What Is a Prop Firm Challenge?

A prop firm challenge is essentially a test that assesses your ability to manage capital and trade profitably under pressure. Prop firms like Apex Trader Funding, MyFundedFutures, and Trade Day offer traders the opportunity to trade with their capital—but only after you prove yourself through a series of objectives.

The challenge typically includes:

  • Profit Target: For example, achieving a 10% profit in 30 days.

  • Max Drawdown: You can’t lose more than 5% (or less) of the initial capital during the challenge.

  • Daily Loss Limit: Often set at 1-2% per day to ensure you're not risking too much in one trade.

But passing this challenge is not just about being a good trader. It’s about mastering risk management, staying disciplined, and following the rules to the letter.

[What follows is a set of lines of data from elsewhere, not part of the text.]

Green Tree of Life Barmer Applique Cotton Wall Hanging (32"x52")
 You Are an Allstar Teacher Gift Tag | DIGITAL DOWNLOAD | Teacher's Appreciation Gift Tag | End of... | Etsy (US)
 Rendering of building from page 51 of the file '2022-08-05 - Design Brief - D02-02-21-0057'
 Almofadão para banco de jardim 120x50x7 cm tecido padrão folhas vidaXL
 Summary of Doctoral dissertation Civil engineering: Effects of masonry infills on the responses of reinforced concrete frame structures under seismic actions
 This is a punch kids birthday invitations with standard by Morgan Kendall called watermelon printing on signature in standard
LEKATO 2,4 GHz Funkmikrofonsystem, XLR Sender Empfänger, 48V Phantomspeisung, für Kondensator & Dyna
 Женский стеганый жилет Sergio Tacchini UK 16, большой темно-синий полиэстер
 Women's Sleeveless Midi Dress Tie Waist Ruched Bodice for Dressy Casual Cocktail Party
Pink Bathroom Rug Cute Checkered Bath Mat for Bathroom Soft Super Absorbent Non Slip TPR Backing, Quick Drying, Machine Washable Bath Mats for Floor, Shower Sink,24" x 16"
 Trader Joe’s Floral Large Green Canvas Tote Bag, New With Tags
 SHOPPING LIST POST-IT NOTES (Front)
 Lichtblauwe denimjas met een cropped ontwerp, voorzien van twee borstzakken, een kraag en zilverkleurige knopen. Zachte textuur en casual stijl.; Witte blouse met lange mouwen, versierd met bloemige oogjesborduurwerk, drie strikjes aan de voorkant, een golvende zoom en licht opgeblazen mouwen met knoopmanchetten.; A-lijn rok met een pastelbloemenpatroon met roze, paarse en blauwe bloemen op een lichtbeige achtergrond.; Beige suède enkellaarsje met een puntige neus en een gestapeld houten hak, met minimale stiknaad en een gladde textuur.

Step 1: Master the Prop Firm’s Rules and Requirements

Before you even think about opening a position, know the rules inside and out. The key difference between those who pass and fail is how well they follow the firm’s guidelines.

Key Things to Know:

  1. Profit Target & Timeframe: You’ll usually have a set timeframe to hit a profit target—let’s say 10% over 30 days. Make sure you break this down: don’t try to hit the target all at once, and don’t rush it. You can take small, steady wins.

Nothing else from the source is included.